INSTRUCTIONS FOR THE TASK: From the entries that follow, copy each line in which "Free" appears.

Top of DATASET EXTRACT

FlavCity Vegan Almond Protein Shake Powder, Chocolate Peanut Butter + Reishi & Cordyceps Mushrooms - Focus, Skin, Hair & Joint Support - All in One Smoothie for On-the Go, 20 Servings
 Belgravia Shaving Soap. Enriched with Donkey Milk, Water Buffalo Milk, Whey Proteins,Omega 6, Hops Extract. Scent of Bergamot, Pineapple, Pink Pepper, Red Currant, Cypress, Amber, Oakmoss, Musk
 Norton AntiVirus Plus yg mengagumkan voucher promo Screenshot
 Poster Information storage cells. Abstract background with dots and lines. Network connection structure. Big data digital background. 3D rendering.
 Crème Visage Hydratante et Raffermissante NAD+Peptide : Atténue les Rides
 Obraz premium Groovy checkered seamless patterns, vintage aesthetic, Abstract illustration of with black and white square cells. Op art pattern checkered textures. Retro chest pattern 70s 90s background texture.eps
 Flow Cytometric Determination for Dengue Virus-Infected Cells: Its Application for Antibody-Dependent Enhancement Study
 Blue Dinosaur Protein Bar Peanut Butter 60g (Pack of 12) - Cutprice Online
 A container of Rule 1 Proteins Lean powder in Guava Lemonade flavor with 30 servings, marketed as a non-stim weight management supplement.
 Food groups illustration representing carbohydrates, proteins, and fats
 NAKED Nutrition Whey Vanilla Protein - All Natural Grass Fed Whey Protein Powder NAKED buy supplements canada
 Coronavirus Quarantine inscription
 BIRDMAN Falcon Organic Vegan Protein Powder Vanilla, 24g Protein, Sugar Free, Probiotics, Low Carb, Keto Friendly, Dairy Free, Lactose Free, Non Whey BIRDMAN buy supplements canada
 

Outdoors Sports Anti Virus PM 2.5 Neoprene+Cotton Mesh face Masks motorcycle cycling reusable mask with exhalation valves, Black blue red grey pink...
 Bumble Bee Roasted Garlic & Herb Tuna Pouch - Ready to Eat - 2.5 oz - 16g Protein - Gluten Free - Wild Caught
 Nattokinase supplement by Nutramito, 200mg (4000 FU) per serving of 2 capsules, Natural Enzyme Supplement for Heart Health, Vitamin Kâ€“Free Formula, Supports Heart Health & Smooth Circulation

Bottom of DATASET EXTRACT

WRITTEN REPLY:
 BIRDMAN Falcon Organic Vegan Protein Powder Vanilla, 24g Protein, Sugar Free, Probiotics, Low Carb, Keto Friendly, Dairy Free, Lactose Free, Non Whey BIRDMAN buy supplements canada
 Bumble Bee Roasted Garlic & Herb Tuna Pouch - Ready to Eat - 2.5 oz - 16g Protein - Gluten Free - Wild Caught
 Nattokinase supplement by Nutramito, 200mg (4000 FU) per serving of 2 capsules, Natural Enzyme Supplement for Heart Health, Vitamin Kâ€“Free Formula, Supports Heart Health & Smooth Circulation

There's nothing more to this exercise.